Reading: 2nd Corinthians 8: 7-15

Verse 14: “Your plenty will supply what they need, so that in turn their plenty will supply what you need”.

Photo credit: Dominik Lange

In chapter eight Paul begins by sharing about the example set by the churches in Macedonia. Even though they are in a time of trial they gave “as much as they were able”. And they gave with joy. With this example in mind, Paul turns to the commitment made by the Corinthian church. Paul first lifts up the ways that the church excels: faith, speech, knowledge, earnestness, love. Then he challenges them to also excel in giving. In verse ten Paul reminds them that they were the first to desire to give to support their fellow brothers and sisters in Christ. Paul’s challenge now is to “finish the work” – to make good on their original desire.

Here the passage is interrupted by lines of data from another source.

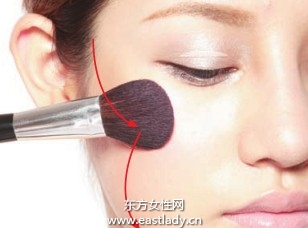 腮红搭配蜜粉使妆效更通透自然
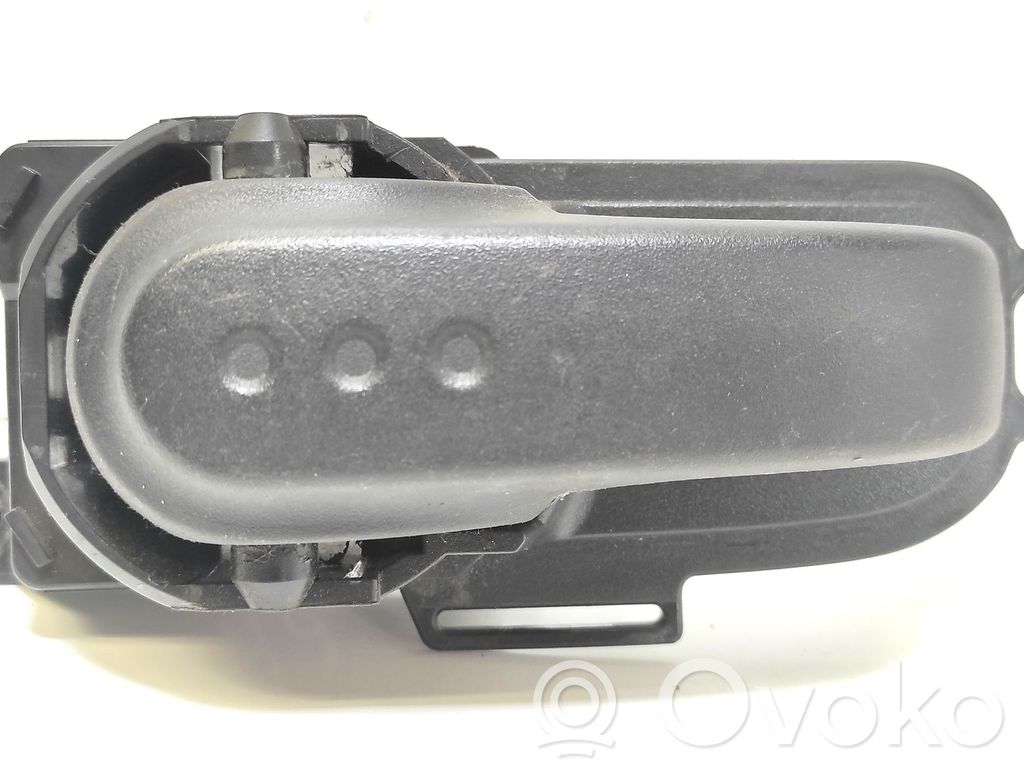 Front door interior handle   8067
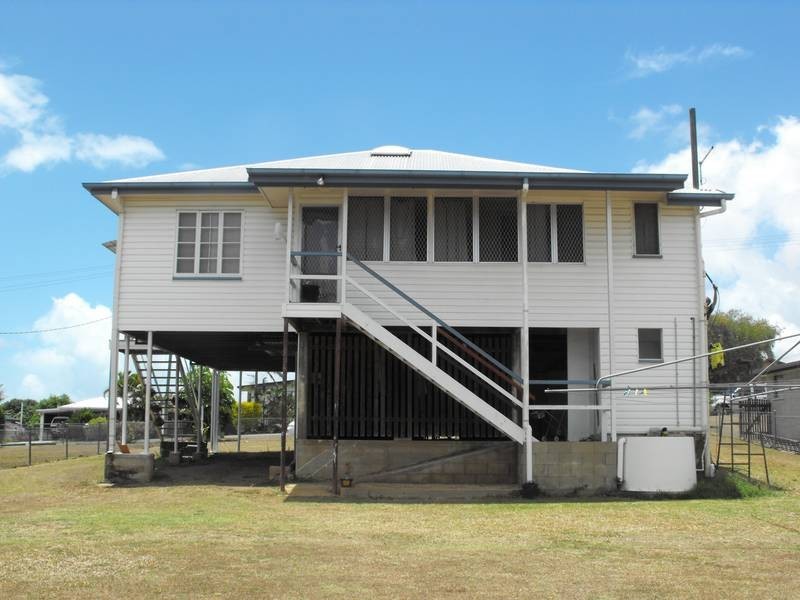 1/23 Place Avenue, Sarina QLD 4737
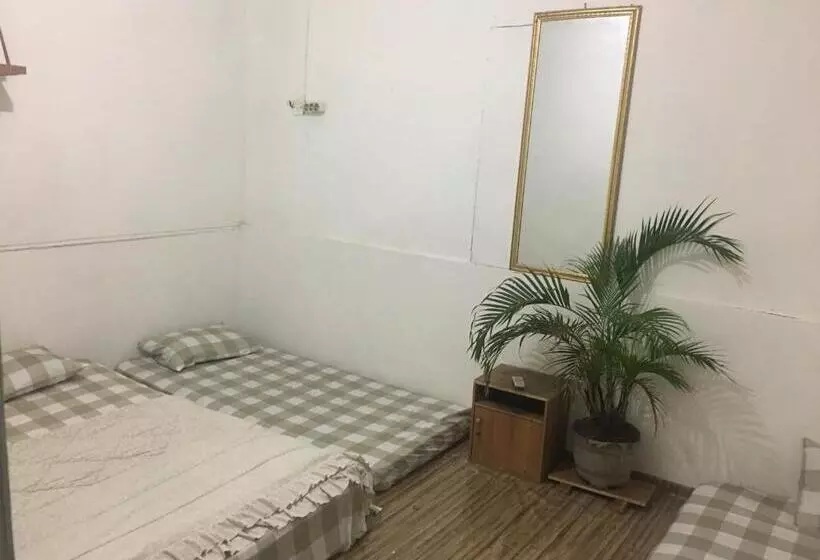 Lorent Hostel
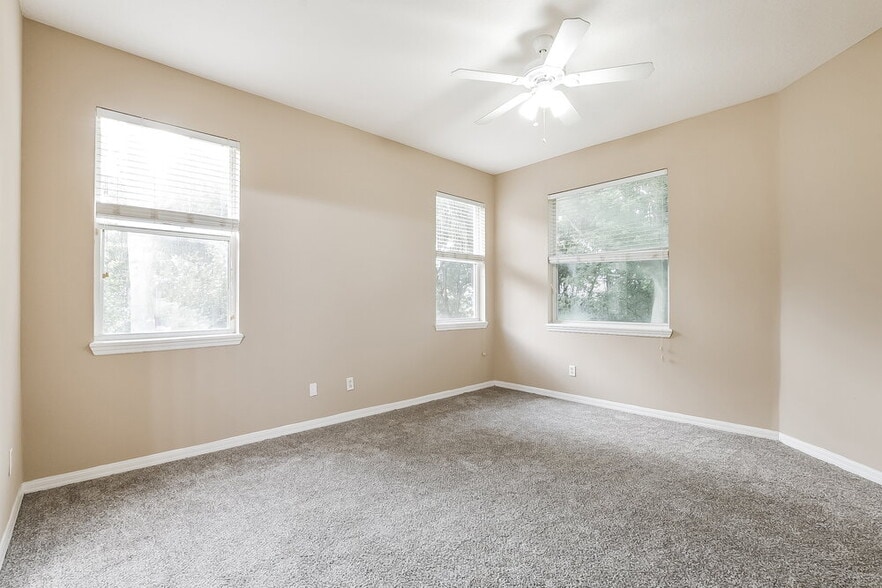 Building Photo - 1814 Madison Ivy Cir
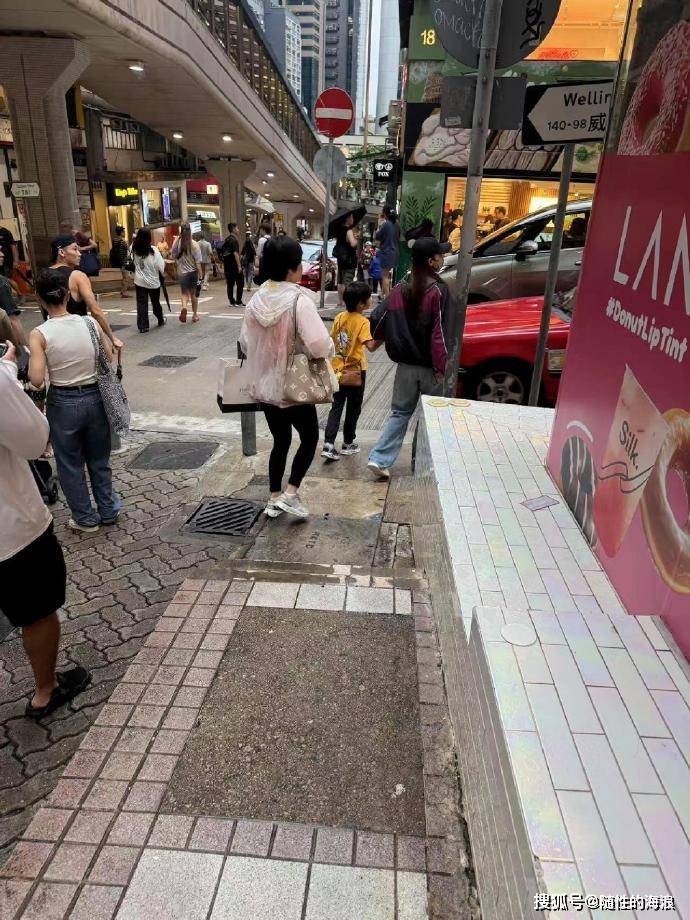 网友香港偶遇angelababy带着小海绵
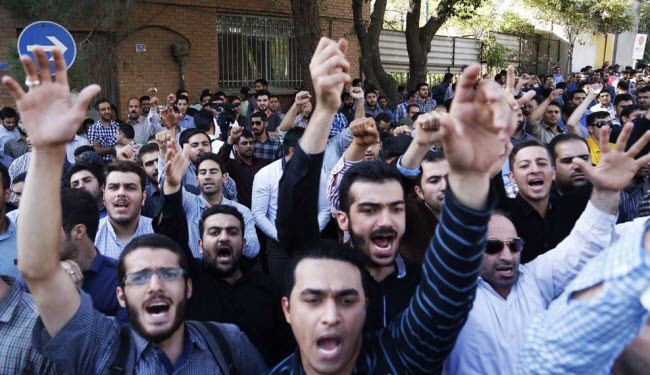 بالصور.. تجمع احتجاجي امام السفارة السعودية بطهران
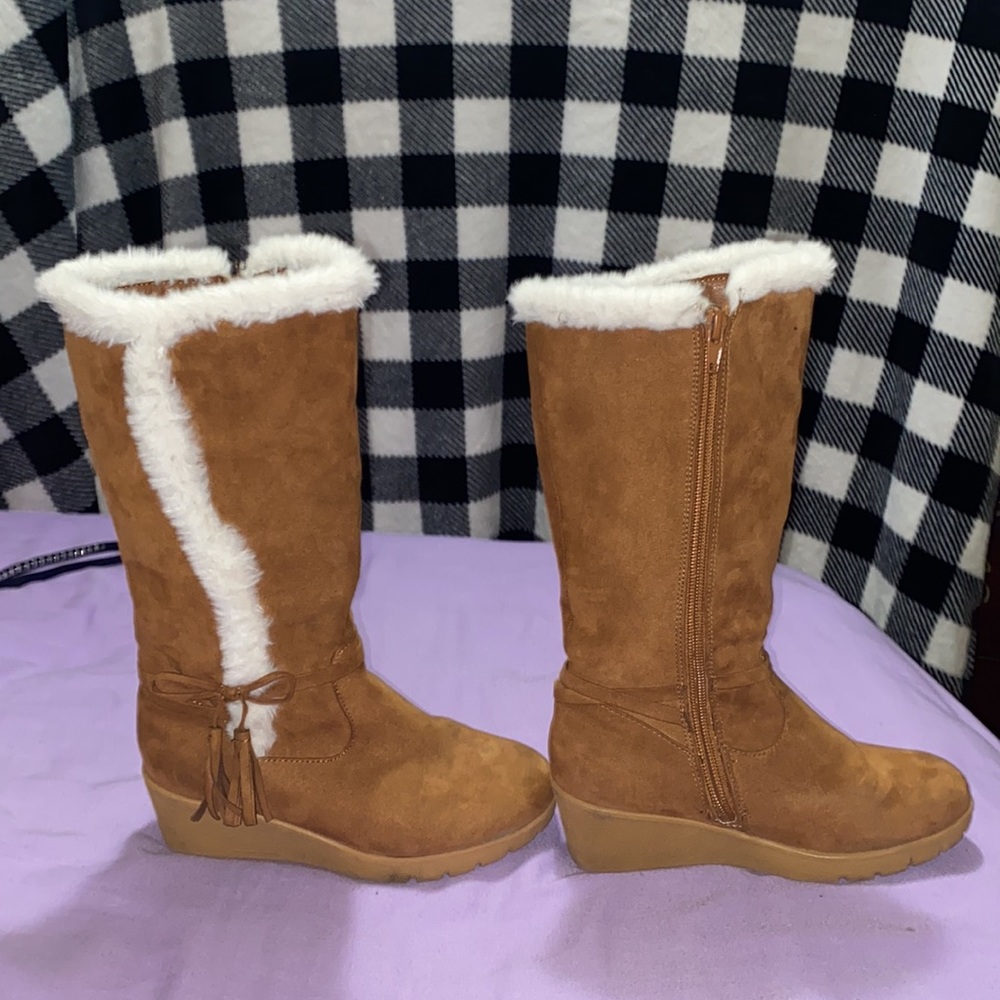 Girls Boots - Picture 3 of 3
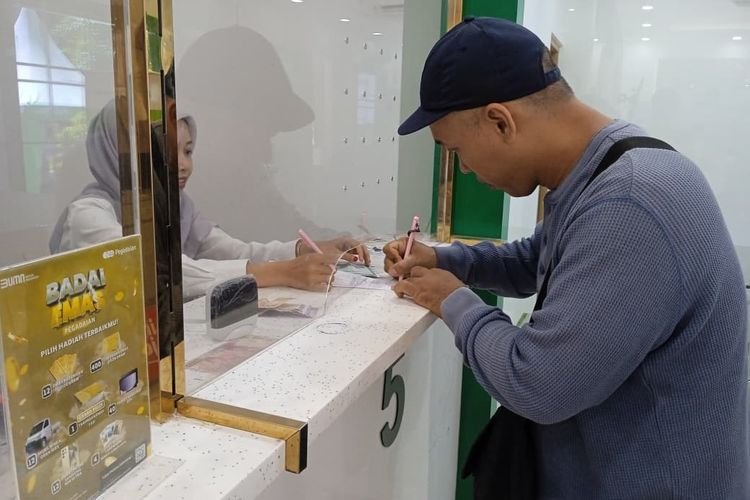 Salah satu nasabah saat bertransaksi di Pegadaian CP Nganjuk, Senin (22/9/2025)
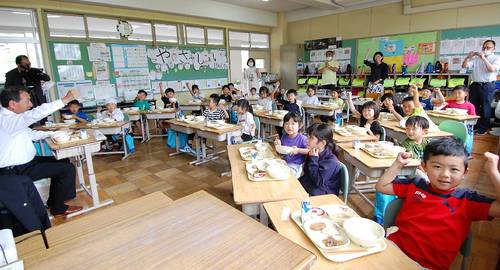 特別メニュー「がんばる丼」を工藤祐直町長と味わった南部町立南部小の1年生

The idea of giving to a church or to an organization like the Red Cross or to a local mission or shelter is still common among many Christians. Yet our culture, as did the culture around the Corinthian church, teaches about rugged individualism and about striving for success. From an early age we are taught to achieve and to excel and to accumulate. So for some, Paul’s appeal towards “equality” among the churches runs counter to our cultural norms. The reality is that many see “ours” as “mine” and not “ours” as given by God to be stewarded by all of us.

Paul appeals to the church to “share the load”, to help a fellow church in its time of need. In verse fourteen he puts it this way: “Your plenty will supply what they need, so that in turn their plenty will supply what you need”. Give when you can and trust that others will care for you in your times of need. Paul’s appeal in this case is financial. One can also give of one’s time or talents or presence or service. In whatever ways we can, may we each care well for one another, being generous first with our love and then with whatever else we have to offer.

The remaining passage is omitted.